§ **What is required**: Output everything in the data exactly, leaving the pictures out.

§ **Recorded information**:
%%

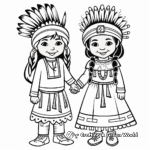 Pilgrim and Native American Friendship Coloring Pages 3
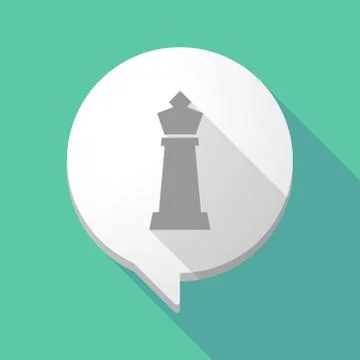 Long shadow comic balloon with a  king   chess figure Stock Illustration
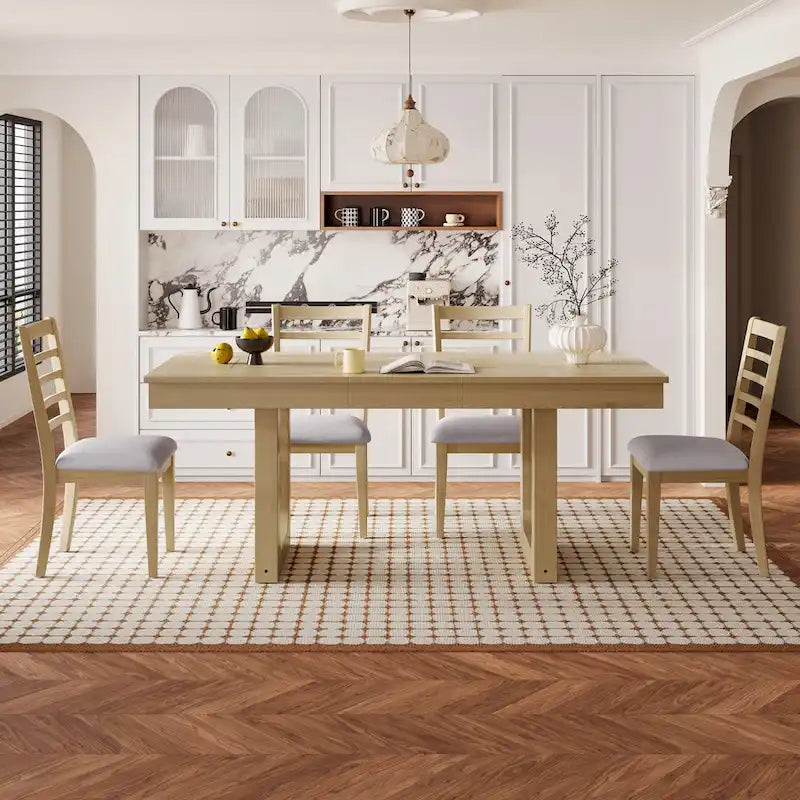 Set da pranzo allungabile in rovere naturale a 5 pezzi, stile rustico, per 4–6 persone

%%

§ **Solution**:
 Pilgrim and Native American Friendship Coloring Pages 3
 Long shadow comic balloon with a  king   chess figure Stock Illustration
 Set da pranzo allungabile in rovere naturale a 5 pezzi, stile rustico, per 4–6 persone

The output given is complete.